- Interactive map of Jackson's

Restaurant information
- Established: July 1998
- Closed: 2014
- Chef: Neal Jackson
- Food type: Modern Australian
- Rating: (The West Australian Good Food Guide 2014)
- Location: 483 Beaufort Street, Highgate, Western Australia, 6003, Australia
- Coordinates: 31°56′20″S 115°52′9″E﻿ / ﻿31.93889°S 115.86917°E

= Jackson's (restaurant) =

Former restaurant in Perth, Western Australia

Jackson's was a restaurant in Highgate, an inner suburb of Perth, Western Australia. It was established in July 1998 and closed in 2014. For much of its existence, it was Perth's number one "special night out" destination.
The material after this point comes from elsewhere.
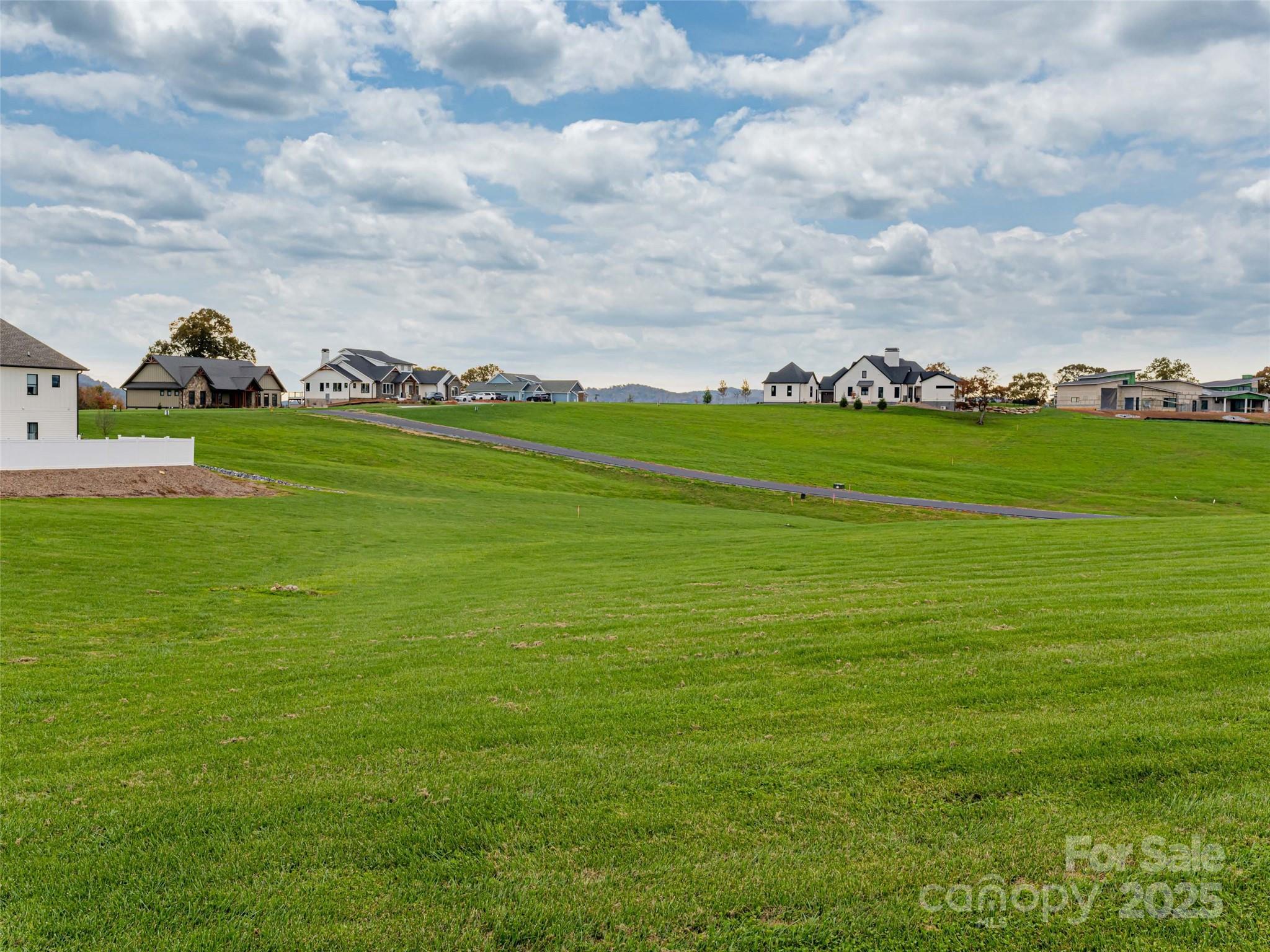 265 Majestic Ridge Road, Unit 61 Mills River, NC 28759 - Photo 4 of 7 a view of an ocean and houses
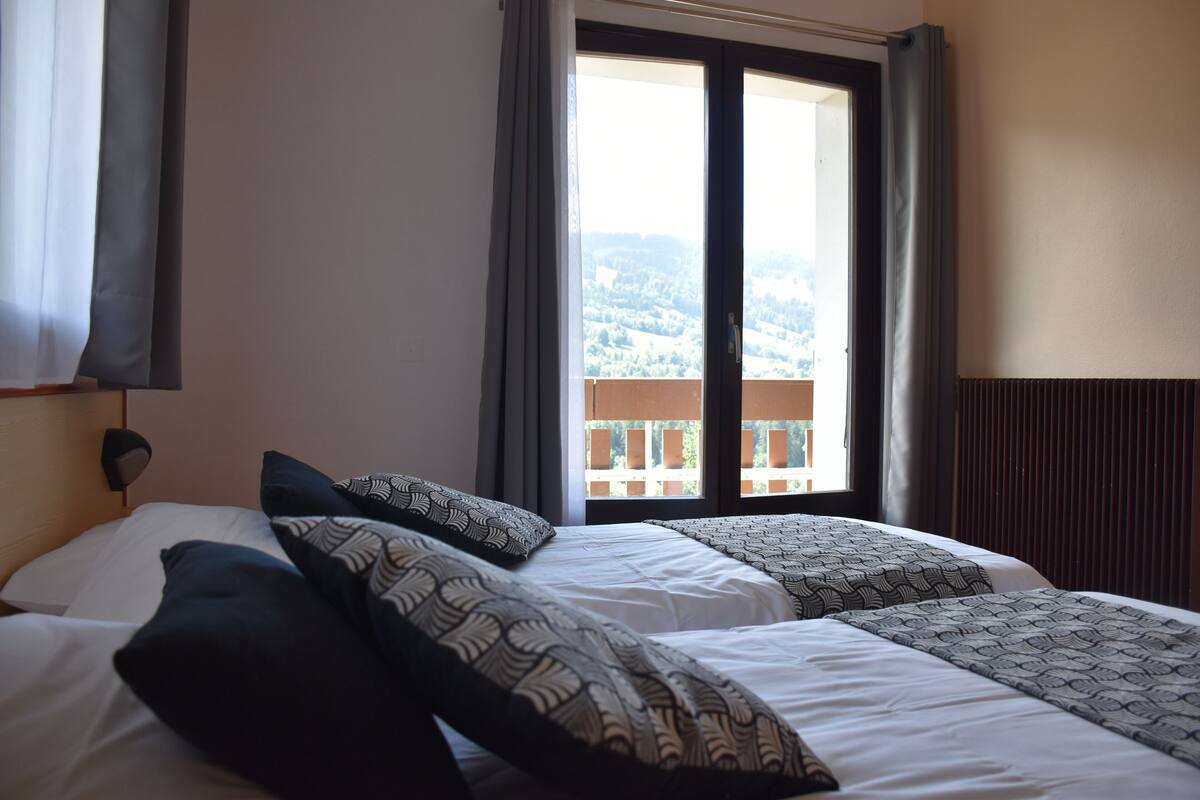 A hotel room with two beds, a window with a view of a balcony, and a wall-mounted lamp.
It won many awards, and was described by The New York Times as "... perhaps the town's top table, with a formidable selection of Australian wines ...".

The restaurant's owner and chef, English-born Neal Jackson, served his apprenticeship at the Savoy Hotel in London, and later worked elsewhere in that city. He emigrated to Australia in 1971, and initially held various positions in restaurants around Western Australia. In 1981, he opened his first restaurant, the Anchor and Hope Inn at Donnybrook, and he was later the proprietor of Louisa's, a Bunbury restaurant "... that brought him a legion of fans, many of whom would drive from Perth to eat his dishes ...". He opened his eponymous restaurant in Perth in 1998.

Signature dishes of Jackson's included rack of Amelia Park lamb with confit lamb belly and shank shepherds pie, and Turkish delight souffle with rose petal ice cream.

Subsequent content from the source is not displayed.